The pests were a sharp contrast to the woolly bear caterpillars I loved, with their soft fuzz and comical reaction to my touch, curling up in a ball. It only made them more cute, and I would watch them slowly uncurl in my palm and start their slow migration from my hand onto a nearby dandelion or shrub. Their apparent helplessness set them at odds, in my young mind, with their voracious counterparts in the maples. The gypsy moth caterpillars, naturally then, must have been invading enemies of the woolly bears. My experiences watching the Super Friends had taught me something: great evil needed to be confronted by brave heroes, men and women (sometimes noble aliens and robots, too) who used their powers to help those unable to help themselves. The woolly bears needed a hero, and I was just the guy for the job! I didn’t have superpowers, but I did have a sword (a reasonably straight stick), a rocket-cycle (my BMX bike), and a cape (an old bath towel).

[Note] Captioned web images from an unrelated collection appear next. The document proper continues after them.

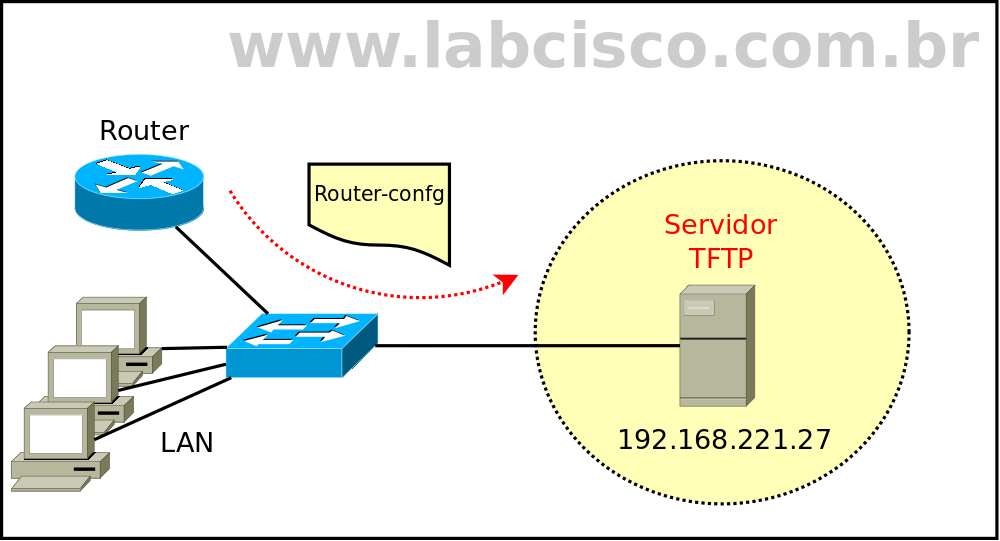 download cisco tftp backup download cisco tftp backup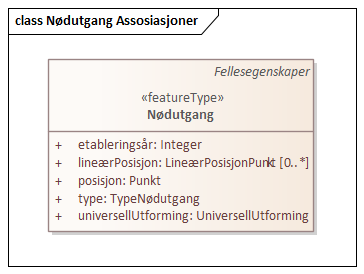 Nødutgang Assosiasjoner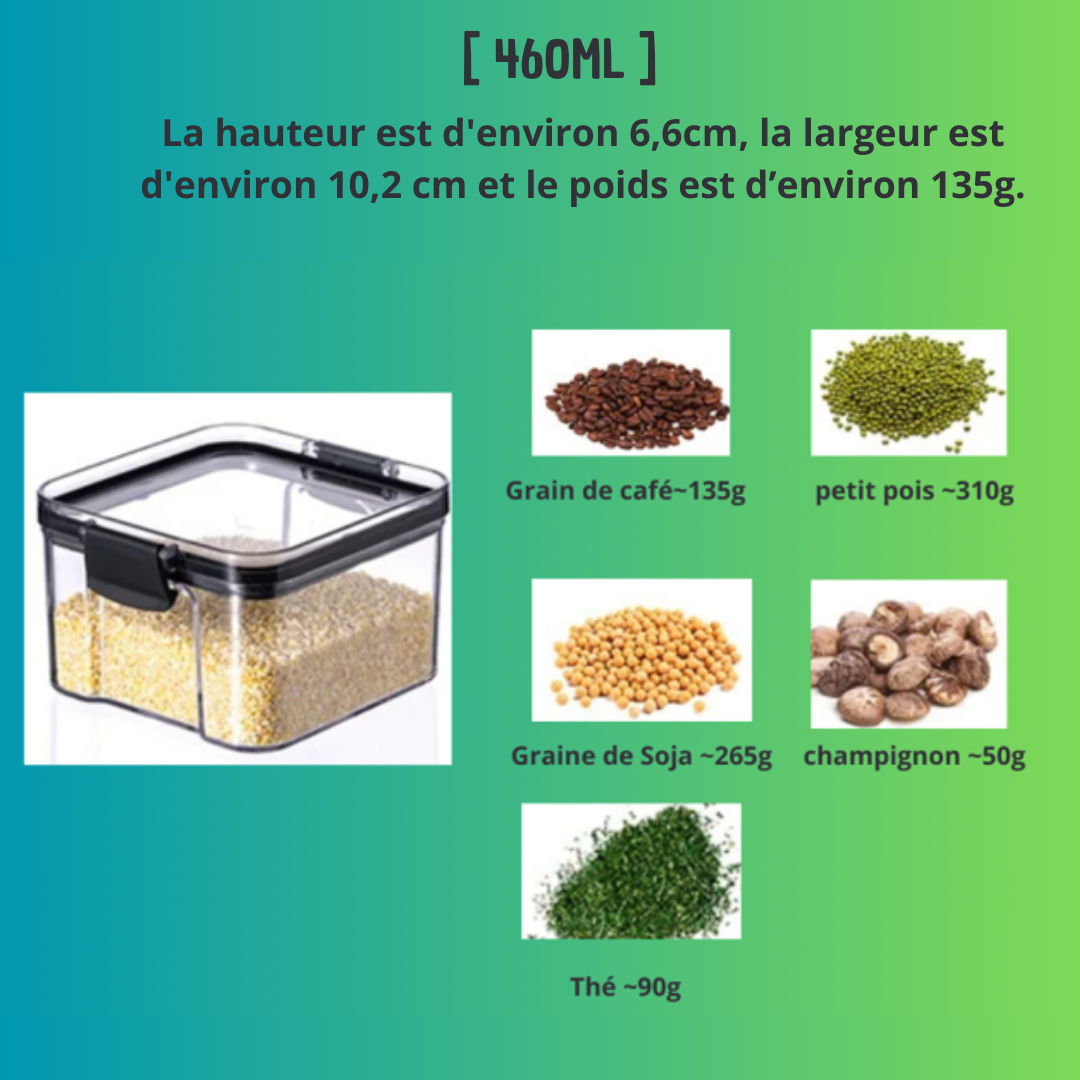 Boite alimentaire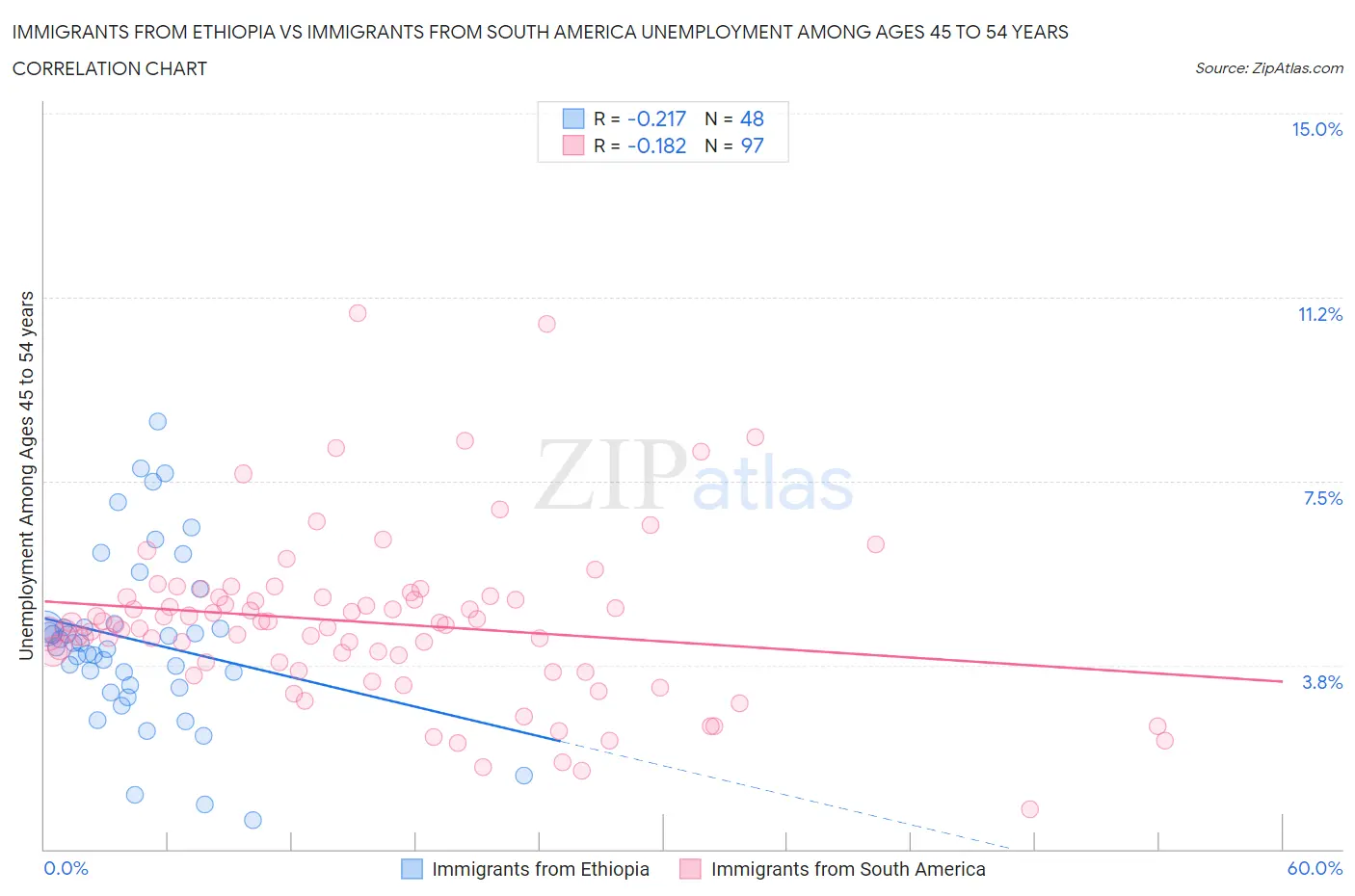 Immigrants from Ethiopia vs Immigrants from South America Unemployment Among Ages 45 to 54 years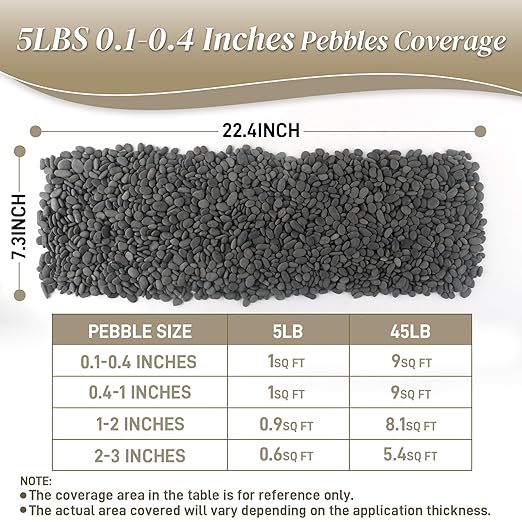 Quibbay 5 lbs Pebbles, 0.1-0.4 Inch Small Pebbles for Pots Indoor Plants, Succulent, Vase, Fish Tank, Decorative River Rocks for Garden Landscaping, Home Decor, Outdoor Paving, Grey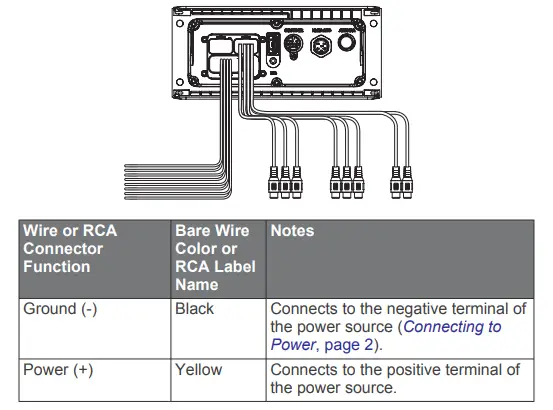 Wiring Harness Wire and Connector Identification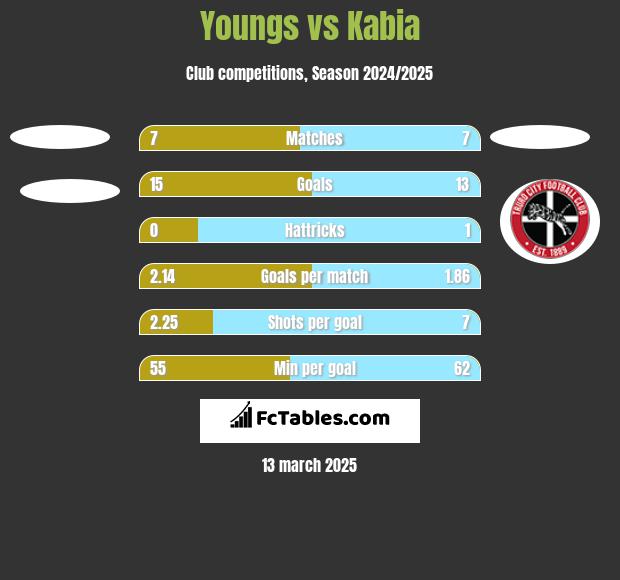 Youngs vs Kabia h2h player stats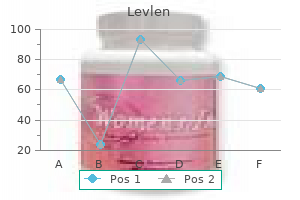 safe 0.15 mg levlen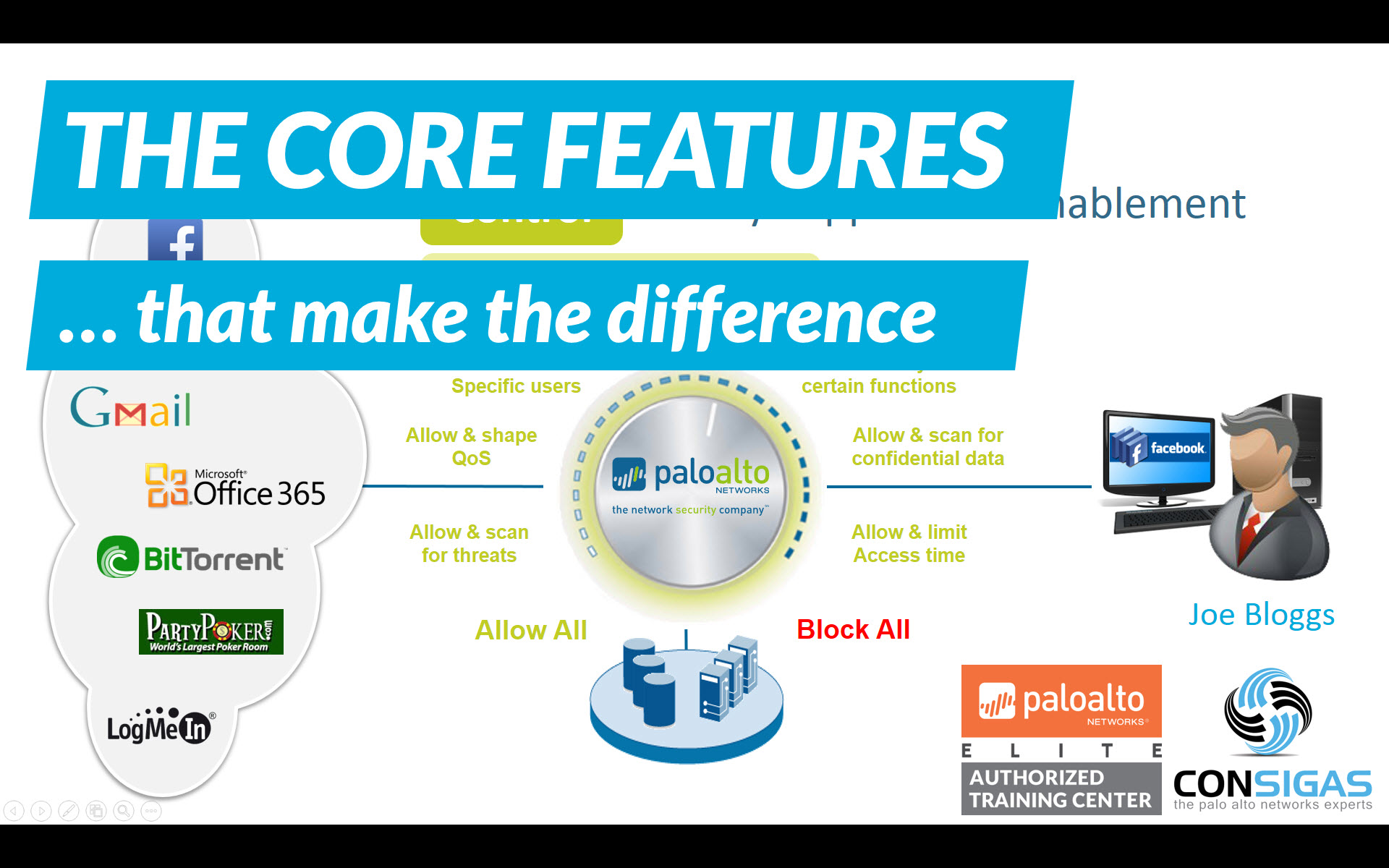 Core Features - Palo Alto Networks Training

Before going any further, I have to know that I can trust you not to reveal my secret identity. It’s been a long time, but there are bound to be a few great-great-great…great grand-kids of those original beasts I slew, and I bet they’re thirsty for vengeance. OK then, here it is… I am THE WOOLLY BEAR FORCE COMMANDER! Hey, I was nine years old. It didn’t matter to me that I was a force of one, on a bike, with a stick and a towel. I was going to be a hero to the woolly bears because they needed one (so I thought).

I galloped (pedaled) up and down my driveway and around my yard, slashing at the dangling menace with my stick. They popped under the tires of my bike and squished under my sneakers. I gently relocated the woolly bears to flowerbeds. It was hard work, being a force of one and fighting the good fight, but I didn’t lie back to bask in woolly bear adulation. I was on a mission powered by my desire to be a hero and also on peanut butter and jelly sandwiches.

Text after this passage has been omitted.